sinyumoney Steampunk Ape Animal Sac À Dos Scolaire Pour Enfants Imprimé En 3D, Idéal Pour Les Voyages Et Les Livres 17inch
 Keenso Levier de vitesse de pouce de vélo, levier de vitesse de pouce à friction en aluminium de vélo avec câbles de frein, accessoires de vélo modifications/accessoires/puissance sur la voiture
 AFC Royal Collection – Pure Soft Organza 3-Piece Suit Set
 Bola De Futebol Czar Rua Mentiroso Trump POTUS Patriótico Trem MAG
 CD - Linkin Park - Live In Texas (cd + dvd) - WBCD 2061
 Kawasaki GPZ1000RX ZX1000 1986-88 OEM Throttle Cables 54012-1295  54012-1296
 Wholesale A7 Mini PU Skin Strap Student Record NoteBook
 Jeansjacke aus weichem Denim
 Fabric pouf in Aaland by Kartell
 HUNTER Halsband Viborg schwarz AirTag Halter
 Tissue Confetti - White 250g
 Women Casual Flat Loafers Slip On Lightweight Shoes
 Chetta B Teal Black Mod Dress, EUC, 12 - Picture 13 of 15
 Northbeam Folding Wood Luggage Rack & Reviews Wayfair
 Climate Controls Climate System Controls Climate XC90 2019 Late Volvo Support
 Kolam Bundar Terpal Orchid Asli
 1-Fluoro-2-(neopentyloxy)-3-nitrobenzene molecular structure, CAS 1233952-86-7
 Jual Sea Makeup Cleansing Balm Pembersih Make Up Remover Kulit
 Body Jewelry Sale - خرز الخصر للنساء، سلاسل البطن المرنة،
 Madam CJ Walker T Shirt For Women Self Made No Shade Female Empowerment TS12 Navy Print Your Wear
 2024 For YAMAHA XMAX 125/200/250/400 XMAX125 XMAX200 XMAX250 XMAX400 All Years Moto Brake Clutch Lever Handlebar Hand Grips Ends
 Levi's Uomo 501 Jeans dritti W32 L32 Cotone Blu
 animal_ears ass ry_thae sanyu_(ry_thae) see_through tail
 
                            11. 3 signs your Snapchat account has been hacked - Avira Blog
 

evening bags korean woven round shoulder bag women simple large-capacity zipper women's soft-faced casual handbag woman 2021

• • • •

Assignment:
Reprint exactly the lines above that start at the one with "CD - Linkin" and end at the one with "animal_ears ass ry_thae", keeping both and adding none.

Task output:
 CD - Linkin Park - Live In Texas (cd + dvd) - WBCD 2061
 Kawasaki GPZ1000RX ZX1000 1986-88 OEM Throttle Cables 54012-1295  54012-1296
 Wholesale A7 Mini PU Skin Strap Student Record NoteBook
 Jeansjacke aus weichem Denim
 Fabric pouf in Aaland by Kartell
 HUNTER Halsband Viborg schwarz AirTag Halter
 Tissue Confetti - White 250g
 Women Casual Flat Loafers Slip On Lightweight Shoes
 Chetta B Teal Black Mod Dress, EUC, 12 - Picture 13 of 15
 Northbeam Folding Wood Luggage Rack & Reviews Wayfair
 Climate Controls Climate System Controls Climate XC90 2019 Late Volvo Support
 Kolam Bundar Terpal Orchid Asli
 1-Fluoro-2-(neopentyloxy)-3-nitrobenzene molecular structure, CAS 1233952-86-7
 Jual Sea Makeup Cleansing Balm Pembersih Make Up Remover Kulit
 Body Jewelry Sale - خرز الخصر للنساء، سلاسل البطن المرنة،
 Madam CJ Walker T Shirt For Women Self Made No Shade Female Empowerment TS12 Navy Print Your Wear
 2024 For YAMAHA XMAX 125/200/250/400 XMAX125 XMAX200 XMAX250 XMAX400 All Years Moto Brake Clutch Lever Handlebar Hand Grips Ends
 Levi's Uomo 501 Jeans dritti W32 L32 Cotone Blu
 animal_ears ass ry_thae sanyu_(ry_thae) see_through tail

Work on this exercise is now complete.